I was a member of the original Postgres research project at UC Berkeley from 1986-1990 when I was a PhD student. My PhD advisor was Prof. Michael Stonebraker. My claim to fame is that I implemented the first version of the Postgres Vacuum Daemon. At that time, one key feature of Postgres was to be a no-overwrite data store that contained past states of tuples (historical data), in order to support "time travel". The idea was that historical data would be maintained in Postgres up to some user-specified time in the past, and data older than that would be periodically "vacuumed" to write-once read-many (WORM) optical drives, which were new at the time. As everyone knows, the historical data feature of Postgres was eventually dropped, and vacuuming took on a different purpose to reduce data bloat through MVCC garbage collection. My PhD thesis topic was "Indexing Techniques for Multidimensional Spatial Data and Historical Data in Database Management Systems", and I had two papers published during my PhD years.
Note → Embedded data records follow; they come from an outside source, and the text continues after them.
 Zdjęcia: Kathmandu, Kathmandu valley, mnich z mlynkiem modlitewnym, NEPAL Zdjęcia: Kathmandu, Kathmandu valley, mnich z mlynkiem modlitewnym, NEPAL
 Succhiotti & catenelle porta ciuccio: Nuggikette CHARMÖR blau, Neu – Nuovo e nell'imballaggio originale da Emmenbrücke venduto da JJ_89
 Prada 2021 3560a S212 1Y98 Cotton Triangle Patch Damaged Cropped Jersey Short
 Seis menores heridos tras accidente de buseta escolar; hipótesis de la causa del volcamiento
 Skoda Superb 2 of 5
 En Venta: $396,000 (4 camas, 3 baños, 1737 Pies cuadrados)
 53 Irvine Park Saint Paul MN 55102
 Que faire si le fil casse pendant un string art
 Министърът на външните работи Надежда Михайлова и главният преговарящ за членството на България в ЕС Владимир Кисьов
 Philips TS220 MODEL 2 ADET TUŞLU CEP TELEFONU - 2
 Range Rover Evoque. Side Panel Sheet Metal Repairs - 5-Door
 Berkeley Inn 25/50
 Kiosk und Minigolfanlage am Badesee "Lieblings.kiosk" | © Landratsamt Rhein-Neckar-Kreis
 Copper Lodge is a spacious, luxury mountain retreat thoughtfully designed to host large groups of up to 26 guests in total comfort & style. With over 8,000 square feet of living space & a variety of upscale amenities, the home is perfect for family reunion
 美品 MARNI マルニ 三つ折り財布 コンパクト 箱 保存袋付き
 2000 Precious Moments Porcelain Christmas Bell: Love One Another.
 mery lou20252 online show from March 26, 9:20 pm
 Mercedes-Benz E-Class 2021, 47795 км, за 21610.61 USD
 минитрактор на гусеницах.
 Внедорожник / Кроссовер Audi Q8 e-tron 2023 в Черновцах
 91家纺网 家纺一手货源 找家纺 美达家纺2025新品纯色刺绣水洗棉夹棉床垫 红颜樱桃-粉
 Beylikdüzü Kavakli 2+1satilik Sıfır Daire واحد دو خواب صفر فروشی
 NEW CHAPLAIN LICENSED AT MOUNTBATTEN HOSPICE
They were:

  • Curtis P. Kolovson and Michael Stonebraker, "Segment Indexes: Dynamic Indexing Techniques for Multi-Dimensional Interval Data". SIGMOD Conference 1991: 138-147.
  • Curtis P. Kolovson and Michael Stonebraker, "Indexing Techniques for Historical Databases". ICDE 1989: 127-137.

My career in industry consisted of working at AT&T Bell Labs, HP, VMware, and MariaDB. I am currently an advisor to startups and a PostgreSQL Consultant / Contributor.